Climate change, exploitative marketing pose threat to kids

Rohit Shishodia
World health experts have expressed concern over lack of priority given by countries towards children’s health. This is revealed in a joint report prepared by the World Health Organization, UNICEF and Lancet.

The report finds out that no single country is sufficiently protecting children’s health, their environment and their futures. The report, released by a commission of over 40 child and adolescent health experts, discloses that the health and future of every child and adolescent worldwide is under immediate threat from ecological degradation, climate change and exploitative marketing practices.

The report points out that these marketing practices have pushed heavily processed fast food, sugary drinks, alcohol and tobacco at children.

Helen Clark, former Prime Minister of New Zealand and Co-Chair of the Commission, said that despite improvements in child and adolescent health over the past 20 years, progress has stalled, and is set to reverse.

It has been estimated that around 250 million children under five years old in low- and middle-income countries are at risk of not reaching their developmental potential, based on proxy measures of stunting and poverty. But of even greater concern, every child worldwide now faces existential threats from climate change and commercial pressures.
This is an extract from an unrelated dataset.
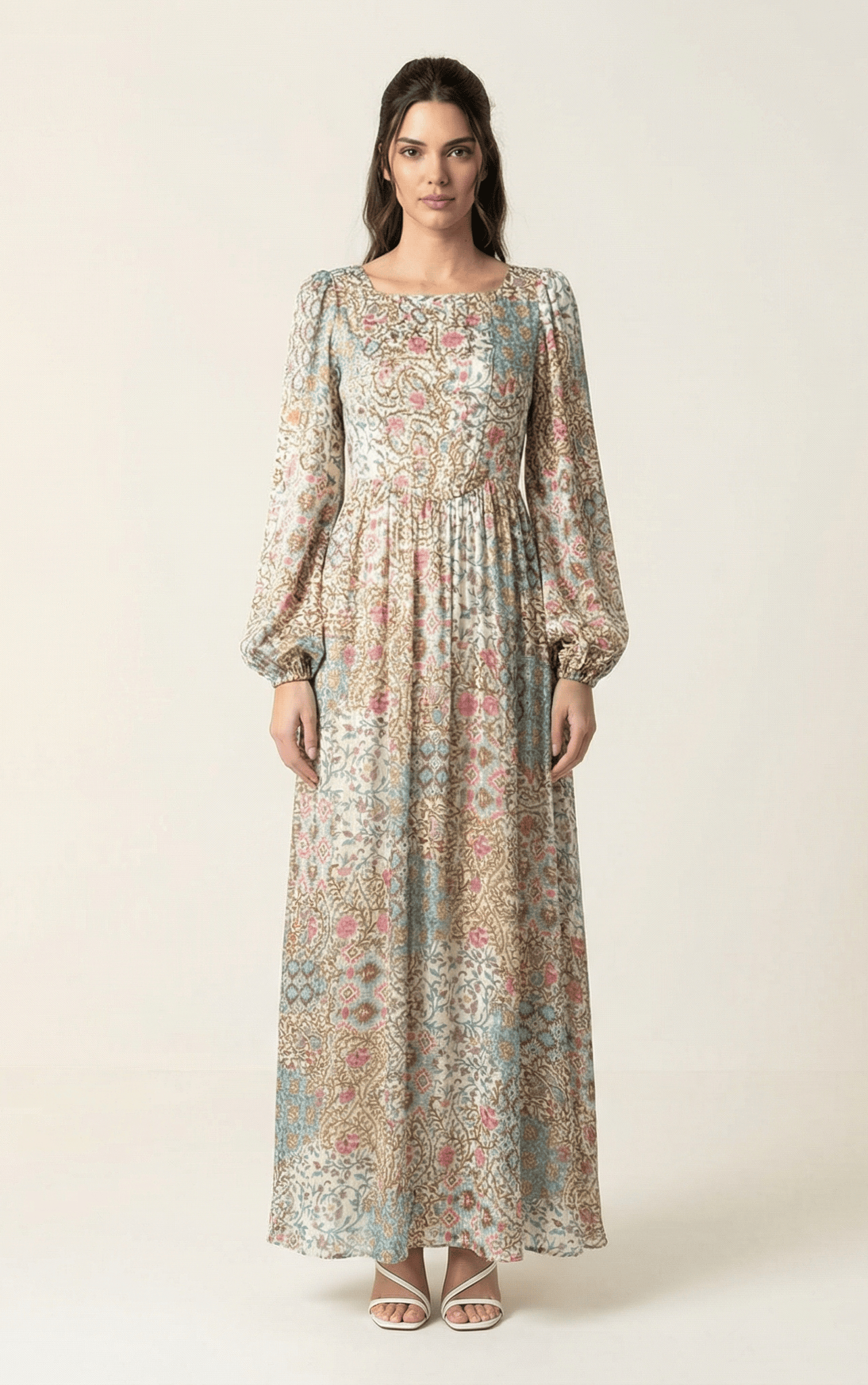 Cream Pretty Fatima floral print corset maxi dress Kabayare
“Countries need to overhaul their approach to child and adolescent health, to ensure that we not only look after our children today but protect the world they will inherit in the future,” she added.
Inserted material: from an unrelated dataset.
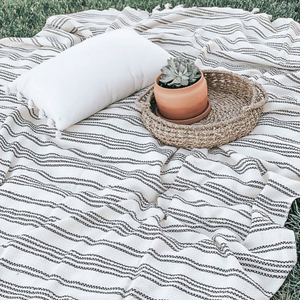 Picnic Throw Blanket - Black Stripe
The report, 'A Future for the World’s Children' reveals the distinct threat posed to children from harmful marketing. The report points out that evidence suggests that children in some countries see as many as 30,000 advertisements on television alone in a single year, while youth exposure to vaping (e-cigarettes) advertisements increased by more than 250% in the USA over two years, reaching more than 24 million young people.

Professor Anthony Costello, one of the Report’s authors, said: “Industry self-regulation has failed. Studies in Australia, Canada, Mexico, New Zealand and the USA – among many others – have shown that self-regulation has not hampered commercial ability to advertise to children.

He further said, “For example, despite industry signing up to self-regulation in Australia, children and adolescent viewers were still exposed to 51 million alcohol ads during just one year of televised football, cricket and rugby. And the reality could be much worse still: we have few facts and figures about the huge expansion of social media advertising and algorithms aimed at our children.”

The report points out that children’s exposure to commercial marketing of junk food and sugary beverages is associated with purchase of unhealthy foods and overweight and obesity, linking predatory marketing to the alarming rise in childhood obesity.

The report reveals that the number of obese children and adolescents increased from 11 million in 1975 to 124 million in 2016 – an 11-fold increase, with dire individual and societal costs.